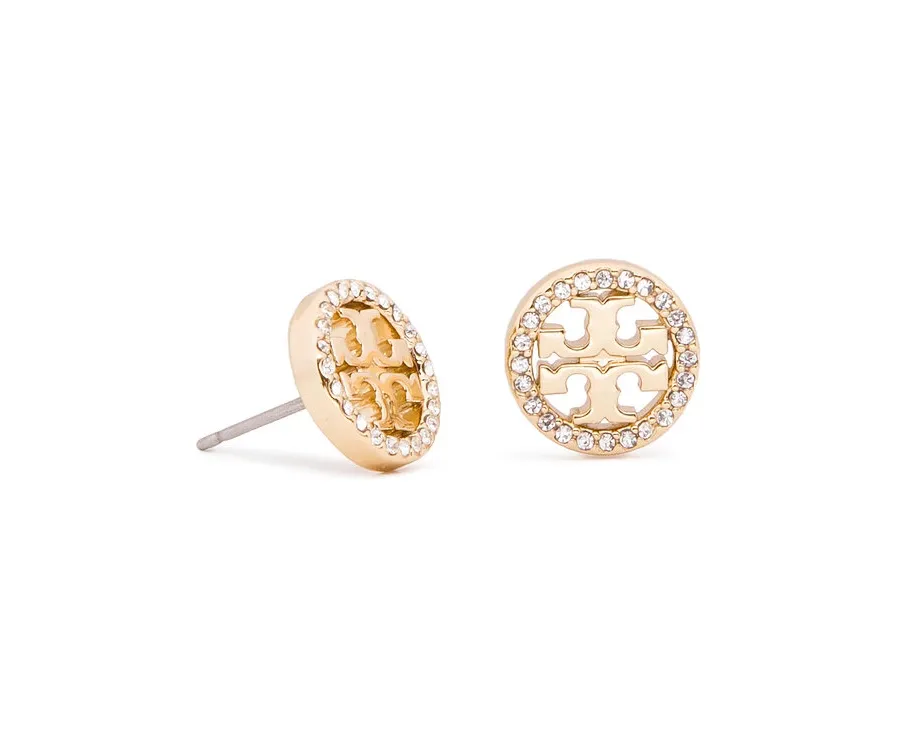 obrazek 1 Tory Burch Kolczyki Crystal Logo Circle Stud Earring 53422 Złoty
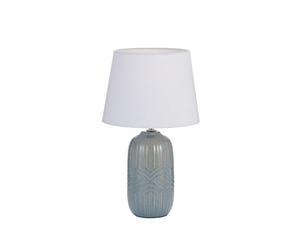 Pauleen 48321 Table Glowing Hug E14 max. 20W, Grey-Blue Fabric, Ceramic, Bedside luminaire, White, Graublau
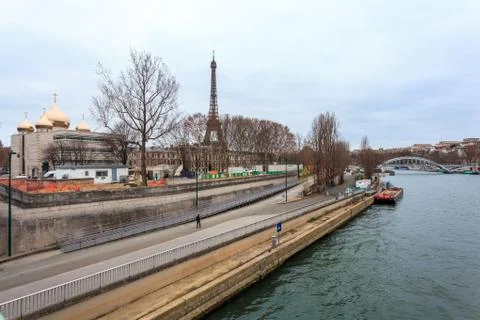View of Eiffel Tower and sienna river in Paris, France Stock Photos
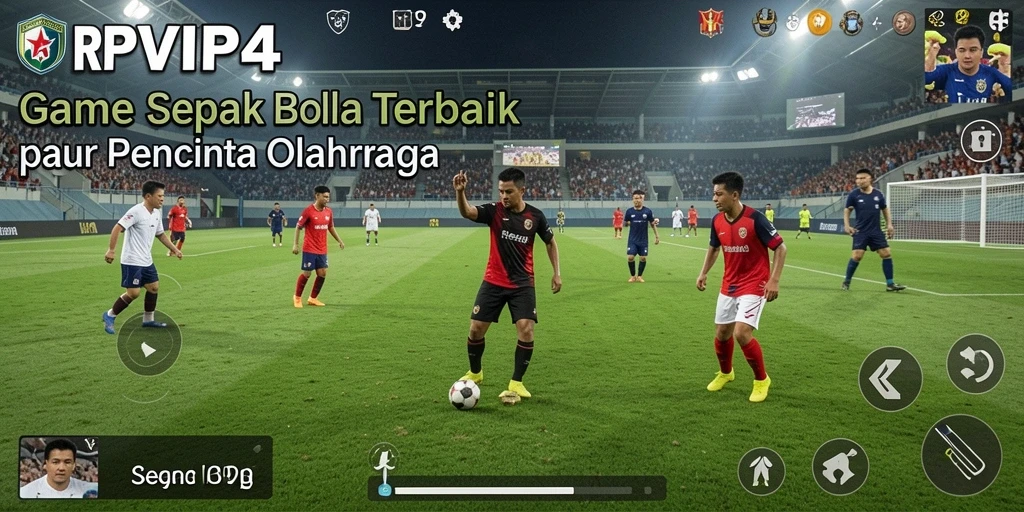 Tampilan gameplay RPVIP4 yang penuh aksi dan keseruan di lapangan sepak bola.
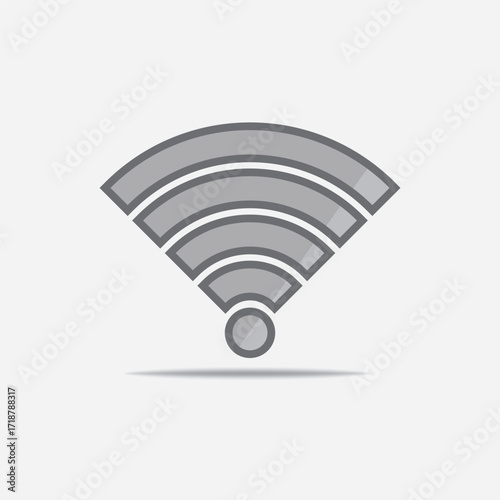 "Minimalist Wi-Fi symbol, wireless internet technology icon, signal reception concept with flat clean digital illustration"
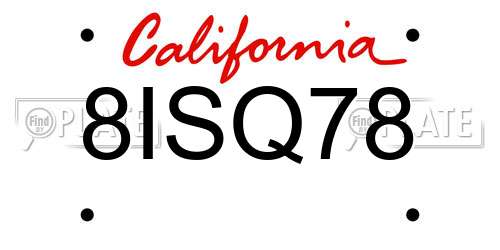8ISQ78 California License Plate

## PROBLEM REQUIREMENTS
Set out, exactly as given, the line that contains "Tampilan gameplay RPVIP4" along with each line after it through the end of the records above; omit the pictures.

## FINAL ANSWER
 Tampilan gameplay RPVIP4 yang penuh aksi dan keseruan di lapangan sepak bola.
 "Minimalist Wi-Fi symbol, wireless internet technology icon, signal reception concept with flat clean digital illustration"
8ISQ78 California License Plate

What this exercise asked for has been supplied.